In a recent Adobe for Education article, author Tacy Towbridge outlines recent findings from the compensation data provider PayScale published in its 2016 Workforce-Skills Preparedness Report. “The report details the responses of almost 64,000 hiring managers across a wide range of industries who were asked about the ‘skills gap’—the disconnect between the skills students have when they graduate from college and the skills companies need.” Towbridge highlighted three specific points:
- 60% of managers said new graduates do not have the critical thinking and problem-solving skills necessary for the job.
- 46% said new graduates lack the necessary communication skills.
- 36% reported new graduates have inadequate interpersonal and teamwork skills
Other recent findings were also outlined in the same Adobe article:
- The World Economic Forum reports that students with social and emotional learning (SEL) skills like critical thinking and problem-solving, creativity, communication, and collaboration are better equipped to succeed in the evolving digital economy.
- Bloomberg analyzed the skills gap among MBAs and found that the skills managers want most but have the most trouble finding include strategic thinking, leadership skills, communication skills, creative problem-solving, and working collaboratively.
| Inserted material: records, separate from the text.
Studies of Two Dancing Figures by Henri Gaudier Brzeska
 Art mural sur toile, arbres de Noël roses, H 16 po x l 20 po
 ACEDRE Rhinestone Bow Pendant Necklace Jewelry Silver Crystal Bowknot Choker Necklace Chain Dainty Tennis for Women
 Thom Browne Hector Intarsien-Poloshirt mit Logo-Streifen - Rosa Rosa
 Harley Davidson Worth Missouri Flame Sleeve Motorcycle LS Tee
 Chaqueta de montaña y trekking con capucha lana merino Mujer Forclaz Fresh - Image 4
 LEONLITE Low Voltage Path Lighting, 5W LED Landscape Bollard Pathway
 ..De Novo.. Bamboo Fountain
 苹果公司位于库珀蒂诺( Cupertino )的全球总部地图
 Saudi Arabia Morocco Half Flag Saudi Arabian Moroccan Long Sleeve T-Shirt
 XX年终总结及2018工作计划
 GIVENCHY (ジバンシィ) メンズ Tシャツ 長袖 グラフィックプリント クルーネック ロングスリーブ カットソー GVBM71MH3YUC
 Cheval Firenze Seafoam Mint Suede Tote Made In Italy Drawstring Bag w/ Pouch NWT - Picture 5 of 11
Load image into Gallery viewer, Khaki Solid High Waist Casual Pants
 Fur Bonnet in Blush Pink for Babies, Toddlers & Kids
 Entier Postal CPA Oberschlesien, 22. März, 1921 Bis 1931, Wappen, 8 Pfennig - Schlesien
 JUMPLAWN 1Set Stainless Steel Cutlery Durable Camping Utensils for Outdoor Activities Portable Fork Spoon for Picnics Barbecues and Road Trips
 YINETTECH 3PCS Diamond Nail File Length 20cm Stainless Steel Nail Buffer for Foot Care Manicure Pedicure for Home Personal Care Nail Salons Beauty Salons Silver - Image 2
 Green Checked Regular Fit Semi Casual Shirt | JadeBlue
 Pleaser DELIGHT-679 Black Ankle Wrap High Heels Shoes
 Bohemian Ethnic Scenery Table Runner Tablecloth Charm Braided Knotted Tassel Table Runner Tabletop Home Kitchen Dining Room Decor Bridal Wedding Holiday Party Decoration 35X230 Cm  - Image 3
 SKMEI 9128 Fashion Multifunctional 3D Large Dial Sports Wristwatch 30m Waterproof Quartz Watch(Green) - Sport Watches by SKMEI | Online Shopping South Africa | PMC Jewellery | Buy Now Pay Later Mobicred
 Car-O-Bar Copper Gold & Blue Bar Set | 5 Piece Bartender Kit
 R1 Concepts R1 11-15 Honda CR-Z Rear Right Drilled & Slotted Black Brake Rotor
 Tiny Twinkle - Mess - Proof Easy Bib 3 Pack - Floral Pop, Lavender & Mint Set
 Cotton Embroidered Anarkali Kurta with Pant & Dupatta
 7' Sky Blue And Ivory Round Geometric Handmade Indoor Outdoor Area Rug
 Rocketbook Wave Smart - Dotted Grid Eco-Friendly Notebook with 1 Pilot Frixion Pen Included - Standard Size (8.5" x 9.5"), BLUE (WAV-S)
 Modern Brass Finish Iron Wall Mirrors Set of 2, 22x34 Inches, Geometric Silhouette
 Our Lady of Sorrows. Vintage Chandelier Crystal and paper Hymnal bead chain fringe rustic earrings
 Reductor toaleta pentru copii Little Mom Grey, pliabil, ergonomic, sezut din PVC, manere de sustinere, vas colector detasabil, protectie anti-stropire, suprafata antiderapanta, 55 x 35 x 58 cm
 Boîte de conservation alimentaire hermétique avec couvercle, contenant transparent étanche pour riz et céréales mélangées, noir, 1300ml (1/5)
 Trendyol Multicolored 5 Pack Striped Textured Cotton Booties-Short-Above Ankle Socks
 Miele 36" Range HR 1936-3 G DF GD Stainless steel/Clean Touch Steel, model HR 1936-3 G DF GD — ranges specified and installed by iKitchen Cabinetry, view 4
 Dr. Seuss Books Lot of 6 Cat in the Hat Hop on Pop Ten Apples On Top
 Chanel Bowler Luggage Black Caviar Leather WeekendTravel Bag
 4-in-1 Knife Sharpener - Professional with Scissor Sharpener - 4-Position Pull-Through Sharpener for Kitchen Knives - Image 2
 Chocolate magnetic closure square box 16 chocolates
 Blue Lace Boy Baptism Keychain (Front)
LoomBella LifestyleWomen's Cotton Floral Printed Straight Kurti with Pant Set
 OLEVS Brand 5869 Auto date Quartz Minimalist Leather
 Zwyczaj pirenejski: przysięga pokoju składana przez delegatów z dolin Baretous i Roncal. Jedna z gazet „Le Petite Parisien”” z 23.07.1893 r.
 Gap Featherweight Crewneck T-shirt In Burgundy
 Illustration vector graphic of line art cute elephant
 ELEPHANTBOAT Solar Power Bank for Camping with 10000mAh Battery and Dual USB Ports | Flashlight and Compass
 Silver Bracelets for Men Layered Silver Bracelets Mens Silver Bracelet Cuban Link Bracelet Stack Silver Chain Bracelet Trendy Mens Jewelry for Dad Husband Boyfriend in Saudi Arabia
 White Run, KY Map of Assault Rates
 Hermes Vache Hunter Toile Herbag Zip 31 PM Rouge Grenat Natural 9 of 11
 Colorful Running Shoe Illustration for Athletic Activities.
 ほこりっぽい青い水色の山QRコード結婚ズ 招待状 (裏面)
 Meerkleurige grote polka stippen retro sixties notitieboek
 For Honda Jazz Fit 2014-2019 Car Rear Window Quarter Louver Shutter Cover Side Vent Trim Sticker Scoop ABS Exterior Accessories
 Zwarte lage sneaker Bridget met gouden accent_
- Fast Company describes 2016 as the year of the hybrid job, in which employers want multifaceted employees who have both hard skills like database technology and soft skills like communication and collaboration.
Towbridge asks educational institutions how they intend to help students close the skills gap? She states, “it’s clear to us that they need to go beyond teaching traditional skills and make fostering creativity and developing digital skills a priority in the classroom. Many of the skills current grads lack are associated with creativity, from critical thinking to communication to collaboration.”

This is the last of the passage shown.